California Gov. Arnold Schwarzenegger last Tuesday vetoed a bill that would have instated a statewide “Harvey Milk Day” in honor of the homosexual rights hero and encouraged public schools to observe the day by conducting “exercises remembering and recognizing” his life.
The vetoed bill AB 2567 was proposed by Assemblyman Mark Leno, a San Francisco Democrat. It would have set May 22, Milk’s birthday, as “a day of special significance” and required the governor to proclaim Harvey Milk Day on May 22 every year, the California Catholic Daily reports.
“This bill would put California on record as recognizing the social contributions that Harvey Milk made to our nation as a civil rights leader,” Leno explained in a legislative analyst’s review of the bill. “It would also allow schools to conduct activities that would foster respect for all, and educate students about an important figure who is often omitted from history lessons."
In 1977 Milk won a seat on the San Francisco Board of Supervisors, becoming the first openly homosexual man elected to an important political office in the United States.
The following year, he and San Francisco Mayor George Moscone were assassinated by another Supervisor, Dan White.

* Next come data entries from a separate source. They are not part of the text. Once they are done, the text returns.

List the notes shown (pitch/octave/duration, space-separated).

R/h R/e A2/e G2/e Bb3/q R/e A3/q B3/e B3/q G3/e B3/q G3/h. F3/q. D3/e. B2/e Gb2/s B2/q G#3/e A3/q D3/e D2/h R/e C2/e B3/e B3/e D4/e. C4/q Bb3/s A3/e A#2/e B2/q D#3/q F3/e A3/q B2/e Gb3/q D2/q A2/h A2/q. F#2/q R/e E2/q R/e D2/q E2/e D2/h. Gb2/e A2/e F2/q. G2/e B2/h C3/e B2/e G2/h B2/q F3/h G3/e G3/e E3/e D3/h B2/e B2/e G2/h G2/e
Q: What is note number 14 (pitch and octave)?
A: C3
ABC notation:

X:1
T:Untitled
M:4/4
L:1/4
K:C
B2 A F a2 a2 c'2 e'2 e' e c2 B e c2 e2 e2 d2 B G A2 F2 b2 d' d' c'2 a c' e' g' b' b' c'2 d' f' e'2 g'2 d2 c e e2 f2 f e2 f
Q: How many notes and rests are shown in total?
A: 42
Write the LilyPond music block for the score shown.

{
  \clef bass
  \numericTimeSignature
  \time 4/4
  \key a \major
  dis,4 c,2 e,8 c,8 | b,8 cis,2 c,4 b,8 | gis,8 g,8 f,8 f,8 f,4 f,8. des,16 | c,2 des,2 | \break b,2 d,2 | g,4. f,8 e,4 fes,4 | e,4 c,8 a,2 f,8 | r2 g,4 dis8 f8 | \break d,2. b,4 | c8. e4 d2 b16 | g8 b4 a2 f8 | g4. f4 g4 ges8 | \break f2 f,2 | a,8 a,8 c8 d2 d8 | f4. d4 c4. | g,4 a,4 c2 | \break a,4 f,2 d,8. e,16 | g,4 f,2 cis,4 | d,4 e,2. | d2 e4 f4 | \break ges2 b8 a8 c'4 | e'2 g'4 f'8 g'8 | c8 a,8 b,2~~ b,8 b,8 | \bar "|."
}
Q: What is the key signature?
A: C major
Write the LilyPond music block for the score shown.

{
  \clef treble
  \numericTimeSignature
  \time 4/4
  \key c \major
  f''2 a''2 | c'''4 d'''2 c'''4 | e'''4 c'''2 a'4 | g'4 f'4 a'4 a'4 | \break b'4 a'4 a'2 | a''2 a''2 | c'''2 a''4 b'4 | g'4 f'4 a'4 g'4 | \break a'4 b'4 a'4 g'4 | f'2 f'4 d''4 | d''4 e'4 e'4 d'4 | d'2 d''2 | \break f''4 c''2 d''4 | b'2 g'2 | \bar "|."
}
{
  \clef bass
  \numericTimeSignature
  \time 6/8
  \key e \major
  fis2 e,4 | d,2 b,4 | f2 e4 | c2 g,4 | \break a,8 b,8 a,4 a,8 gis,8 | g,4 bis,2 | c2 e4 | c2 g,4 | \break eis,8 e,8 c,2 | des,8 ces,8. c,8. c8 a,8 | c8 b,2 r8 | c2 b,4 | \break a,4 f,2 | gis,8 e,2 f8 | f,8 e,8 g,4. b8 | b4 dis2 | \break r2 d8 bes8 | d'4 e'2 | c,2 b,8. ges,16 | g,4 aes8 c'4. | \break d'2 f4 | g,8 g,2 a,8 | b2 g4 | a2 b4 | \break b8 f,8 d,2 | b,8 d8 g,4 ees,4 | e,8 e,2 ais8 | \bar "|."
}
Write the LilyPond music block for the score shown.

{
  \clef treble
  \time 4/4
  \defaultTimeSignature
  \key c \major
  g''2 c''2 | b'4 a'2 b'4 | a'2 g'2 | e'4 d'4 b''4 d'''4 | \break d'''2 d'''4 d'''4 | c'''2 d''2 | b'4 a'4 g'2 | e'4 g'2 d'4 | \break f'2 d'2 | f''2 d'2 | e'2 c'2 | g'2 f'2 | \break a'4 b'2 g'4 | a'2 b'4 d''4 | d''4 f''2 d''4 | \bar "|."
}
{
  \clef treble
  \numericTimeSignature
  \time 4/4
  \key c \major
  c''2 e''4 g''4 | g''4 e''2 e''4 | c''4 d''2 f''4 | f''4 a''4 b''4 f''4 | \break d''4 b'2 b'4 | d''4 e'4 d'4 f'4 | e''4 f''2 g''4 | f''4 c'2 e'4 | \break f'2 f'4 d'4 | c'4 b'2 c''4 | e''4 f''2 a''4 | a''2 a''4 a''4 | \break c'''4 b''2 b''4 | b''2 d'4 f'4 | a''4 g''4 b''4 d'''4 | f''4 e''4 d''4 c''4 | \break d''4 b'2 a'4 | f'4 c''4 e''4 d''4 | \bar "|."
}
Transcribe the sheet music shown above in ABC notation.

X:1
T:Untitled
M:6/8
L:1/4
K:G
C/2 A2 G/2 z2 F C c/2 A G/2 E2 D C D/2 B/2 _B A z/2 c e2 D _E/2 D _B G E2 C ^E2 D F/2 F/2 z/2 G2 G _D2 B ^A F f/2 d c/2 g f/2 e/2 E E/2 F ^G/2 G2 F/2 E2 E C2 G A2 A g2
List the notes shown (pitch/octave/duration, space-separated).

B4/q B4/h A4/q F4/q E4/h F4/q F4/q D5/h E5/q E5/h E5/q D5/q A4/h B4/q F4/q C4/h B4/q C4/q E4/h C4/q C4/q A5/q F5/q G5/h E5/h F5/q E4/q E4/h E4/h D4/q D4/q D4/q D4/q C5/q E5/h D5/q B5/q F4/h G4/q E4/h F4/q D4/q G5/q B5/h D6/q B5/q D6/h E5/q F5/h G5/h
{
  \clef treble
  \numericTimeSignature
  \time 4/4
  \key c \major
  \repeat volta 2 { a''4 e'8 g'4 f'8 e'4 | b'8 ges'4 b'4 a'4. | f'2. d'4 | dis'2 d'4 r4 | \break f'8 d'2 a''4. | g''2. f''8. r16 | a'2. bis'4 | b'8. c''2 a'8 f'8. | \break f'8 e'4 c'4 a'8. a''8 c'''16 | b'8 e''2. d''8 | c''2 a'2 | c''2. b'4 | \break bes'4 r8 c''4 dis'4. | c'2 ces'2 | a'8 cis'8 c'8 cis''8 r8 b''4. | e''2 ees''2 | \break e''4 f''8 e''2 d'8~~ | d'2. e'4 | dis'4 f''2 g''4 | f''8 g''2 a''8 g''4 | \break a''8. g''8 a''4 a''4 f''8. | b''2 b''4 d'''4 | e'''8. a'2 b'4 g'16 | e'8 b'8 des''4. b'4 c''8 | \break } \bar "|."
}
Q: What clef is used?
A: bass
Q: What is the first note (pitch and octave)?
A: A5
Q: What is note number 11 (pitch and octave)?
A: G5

Gov. Schwarzenegger explained his veto in a message to the California Assembly, saying:
“I respect the author’s intent to designate May 22nd as ‘Harvey Milk Day’ and a day of special significance for California public schools and educational institutions to honor Harvey Milk as an important community leader and public official in the city and county of San Francisco. However, I believe his contributions should continue to be recognized at the local level by those who were most impacted by his contributions. For this reason, I am unable to sign this bill.”